Retype, character for character, the line containing "Cool Dads Club" along with each line after it through the end of the data, and only those.

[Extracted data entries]
****

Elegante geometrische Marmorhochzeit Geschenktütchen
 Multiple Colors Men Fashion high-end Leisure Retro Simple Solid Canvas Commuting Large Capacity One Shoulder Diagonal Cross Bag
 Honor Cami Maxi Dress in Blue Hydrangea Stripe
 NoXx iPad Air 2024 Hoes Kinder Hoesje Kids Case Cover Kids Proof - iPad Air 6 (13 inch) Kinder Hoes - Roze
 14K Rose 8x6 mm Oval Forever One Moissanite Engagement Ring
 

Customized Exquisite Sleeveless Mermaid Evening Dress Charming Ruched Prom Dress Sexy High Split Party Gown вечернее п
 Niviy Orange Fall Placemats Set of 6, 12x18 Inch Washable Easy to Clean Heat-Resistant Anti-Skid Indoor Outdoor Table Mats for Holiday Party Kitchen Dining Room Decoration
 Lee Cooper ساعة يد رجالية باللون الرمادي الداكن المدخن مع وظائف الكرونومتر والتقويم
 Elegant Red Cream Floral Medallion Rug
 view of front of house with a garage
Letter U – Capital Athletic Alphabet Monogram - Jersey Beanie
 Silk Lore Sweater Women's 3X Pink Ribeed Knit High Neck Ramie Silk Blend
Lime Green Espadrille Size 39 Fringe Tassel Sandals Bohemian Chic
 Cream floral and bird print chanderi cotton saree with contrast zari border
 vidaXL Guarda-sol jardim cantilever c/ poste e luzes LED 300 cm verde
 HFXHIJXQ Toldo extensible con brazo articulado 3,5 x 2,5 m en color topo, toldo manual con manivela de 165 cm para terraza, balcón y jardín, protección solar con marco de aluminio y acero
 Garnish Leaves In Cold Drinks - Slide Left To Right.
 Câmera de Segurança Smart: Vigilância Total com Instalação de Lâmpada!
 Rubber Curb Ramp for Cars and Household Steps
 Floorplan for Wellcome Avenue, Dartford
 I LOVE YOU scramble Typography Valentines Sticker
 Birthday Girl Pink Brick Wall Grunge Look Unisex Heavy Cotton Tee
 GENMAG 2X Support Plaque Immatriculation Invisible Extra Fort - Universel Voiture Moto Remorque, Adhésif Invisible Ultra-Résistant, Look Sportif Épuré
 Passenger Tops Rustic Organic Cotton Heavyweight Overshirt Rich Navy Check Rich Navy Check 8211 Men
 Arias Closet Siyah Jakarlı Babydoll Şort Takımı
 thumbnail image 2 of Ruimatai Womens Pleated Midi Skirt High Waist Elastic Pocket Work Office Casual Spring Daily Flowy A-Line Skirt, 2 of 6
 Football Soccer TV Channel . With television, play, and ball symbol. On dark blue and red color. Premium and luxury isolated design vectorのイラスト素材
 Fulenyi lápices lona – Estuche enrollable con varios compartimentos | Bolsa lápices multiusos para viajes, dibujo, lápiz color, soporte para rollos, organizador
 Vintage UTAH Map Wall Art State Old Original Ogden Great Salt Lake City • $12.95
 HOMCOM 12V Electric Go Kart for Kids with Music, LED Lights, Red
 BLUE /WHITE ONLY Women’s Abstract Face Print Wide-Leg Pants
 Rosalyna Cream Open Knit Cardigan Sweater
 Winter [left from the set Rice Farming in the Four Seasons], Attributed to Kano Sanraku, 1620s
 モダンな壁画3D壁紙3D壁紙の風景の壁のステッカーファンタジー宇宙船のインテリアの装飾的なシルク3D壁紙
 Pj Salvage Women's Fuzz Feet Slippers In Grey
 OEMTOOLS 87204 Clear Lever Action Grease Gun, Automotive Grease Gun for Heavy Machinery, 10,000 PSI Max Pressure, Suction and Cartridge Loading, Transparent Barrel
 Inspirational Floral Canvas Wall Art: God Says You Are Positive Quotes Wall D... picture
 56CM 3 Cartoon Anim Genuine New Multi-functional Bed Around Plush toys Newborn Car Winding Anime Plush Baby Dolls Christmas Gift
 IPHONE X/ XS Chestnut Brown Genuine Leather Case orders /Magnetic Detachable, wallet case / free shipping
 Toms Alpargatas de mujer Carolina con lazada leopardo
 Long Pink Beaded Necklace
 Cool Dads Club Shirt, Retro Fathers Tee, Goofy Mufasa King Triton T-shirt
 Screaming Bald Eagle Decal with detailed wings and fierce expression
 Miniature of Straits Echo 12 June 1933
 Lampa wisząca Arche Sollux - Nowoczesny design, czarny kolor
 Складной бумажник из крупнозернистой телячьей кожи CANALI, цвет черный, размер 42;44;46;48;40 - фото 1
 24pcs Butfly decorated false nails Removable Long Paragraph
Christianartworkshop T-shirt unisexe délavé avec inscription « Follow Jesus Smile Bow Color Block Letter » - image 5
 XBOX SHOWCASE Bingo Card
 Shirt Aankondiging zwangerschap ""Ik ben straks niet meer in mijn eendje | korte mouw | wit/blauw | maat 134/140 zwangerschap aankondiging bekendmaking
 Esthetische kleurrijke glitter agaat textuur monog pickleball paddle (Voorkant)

****

- Expected output -
 Cool Dads Club Shirt, Retro Fathers Tee, Goofy Mufasa King Triton T-shirt
 Screaming Bald Eagle Decal with detailed wings and fierce expression
 Miniature of Straits Echo 12 June 1933
 Lampa wisząca Arche Sollux - Nowoczesny design, czarny kolor
 Складной бумажник из крупнозернистой телячьей кожи CANALI, цвет черный, размер 42;44;46;48;40 - фото 1
 24pcs Butfly decorated false nails Removable Long Paragraph
Christianartworkshop T-shirt unisexe délavé avec inscription « Follow Jesus Smile Bow Color Block Letter » - image 5
 XBOX SHOWCASE Bingo Card
 Shirt Aankondiging zwangerschap ""Ik ben straks niet meer in mijn eendje | korte mouw | wit/blauw | maat 134/140 zwangerschap aankondiging bekendmaking
 Esthetische kleurrijke glitter agaat textuur monog pickleball paddle (Voorkant)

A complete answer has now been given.